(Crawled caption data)
○ ○ ○ ○ ○ ○ ○

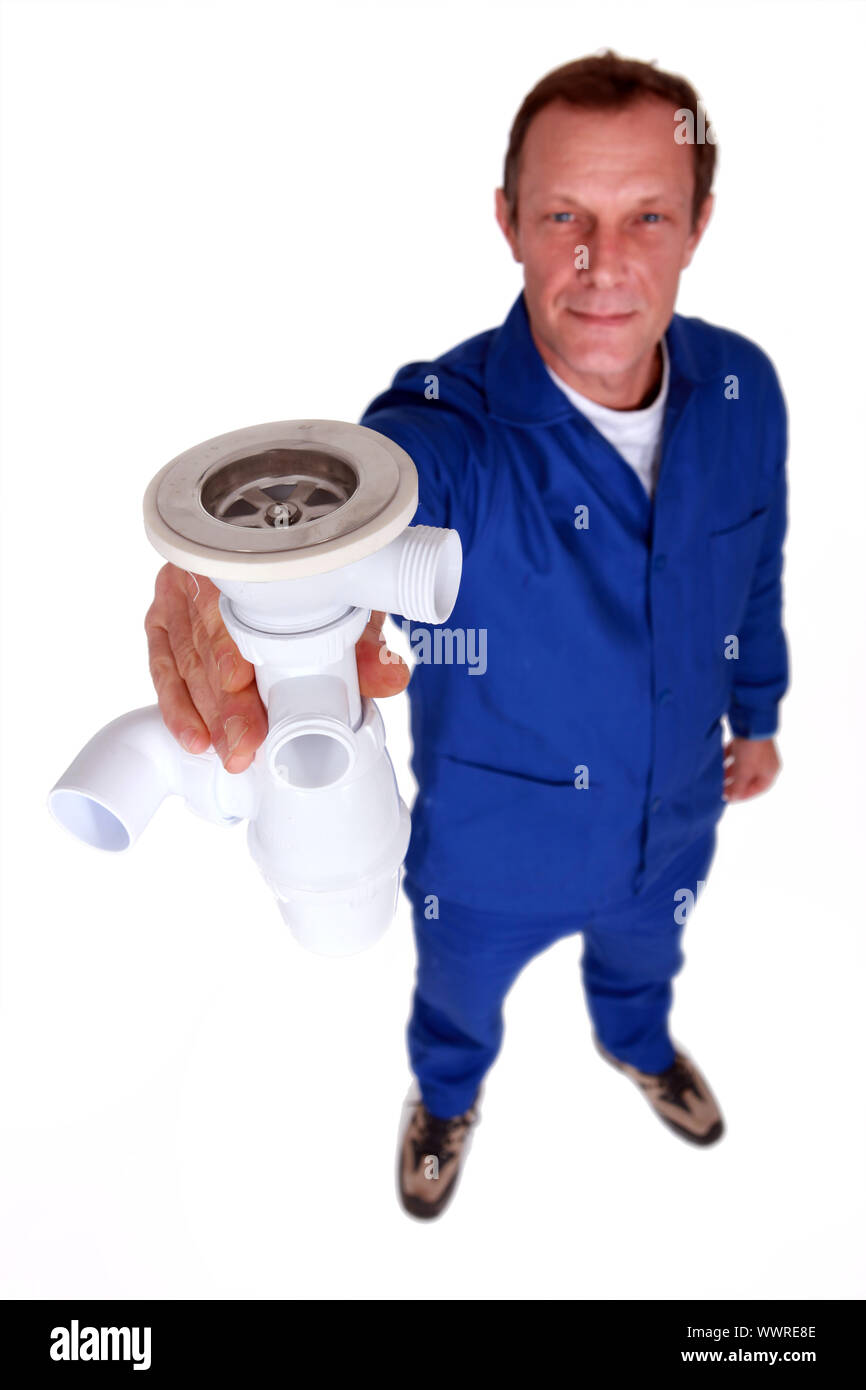 Plumber holding replacement sink plug Stock Photo Alamy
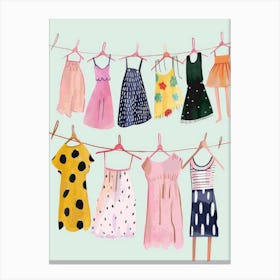 Children'S Clothes Hanging On Clothesline Canvas Print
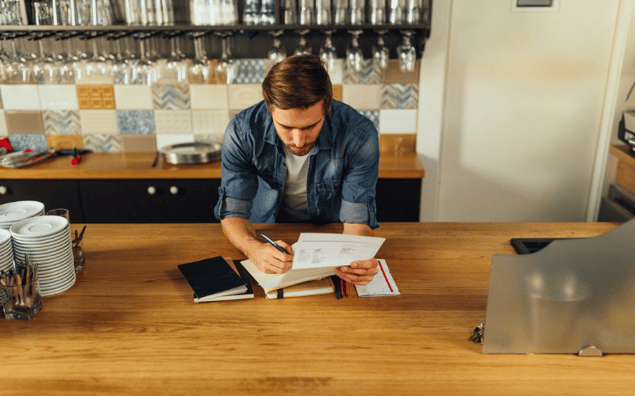 Business owner in a denim shirt works on paperwork at a wooden counter in a cafe setting, with shelves and cups in the background.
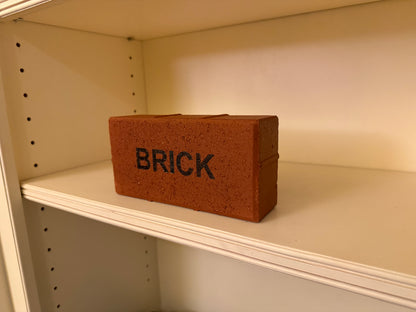 Small brick-shaped container labeled 'BRICK' on a shelf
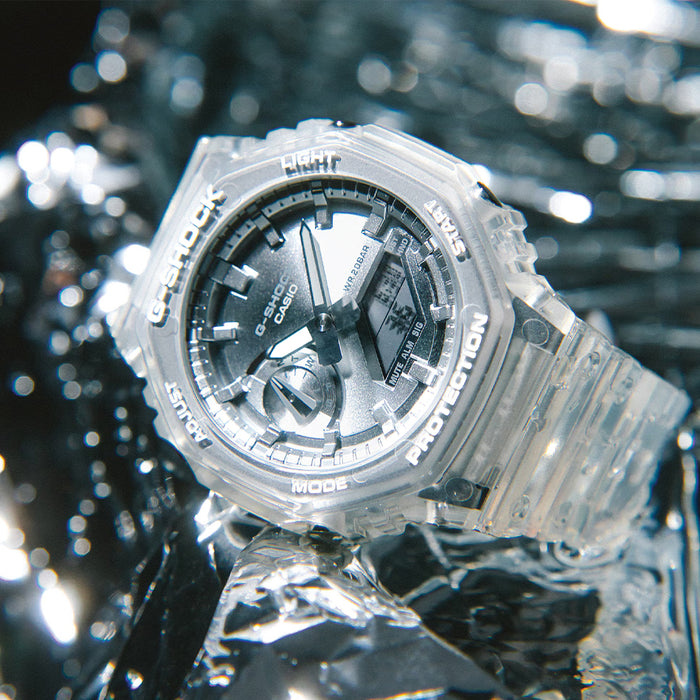 Close up of silver GA2100BM-7A8 G SHOCK watch with metallic dial and digital display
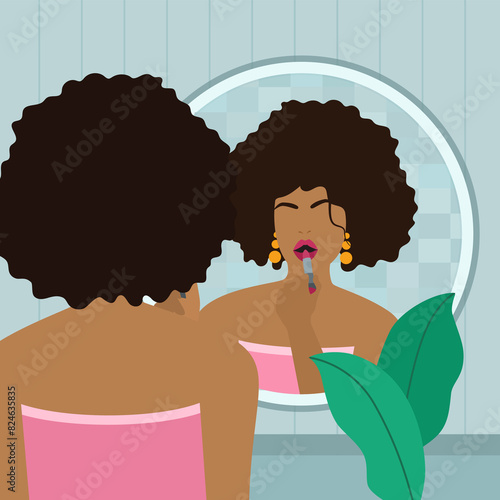 black woman putting on lipstick in front of the mirror (ID: 824635835)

○ ○ ○ ○ ○ ○ ○

For the data above, return an exact copy that contains no pictures.

Solution to the problem:
 Plumber holding replacement sink plug Stock Photo Alamy
 Children'S Clothes Hanging On Clothesline Canvas Print
 Business owner in a denim shirt works on paperwork at a wooden counter in a cafe setting, with shelves and cups in the background.
 Small brick-shaped container labeled 'BRICK' on a shelf
 Close up of silver GA2100BM-7A8 G SHOCK watch with metallic dial and digital display
 black woman putting on lipstick in front of the mirror (ID: 824635835)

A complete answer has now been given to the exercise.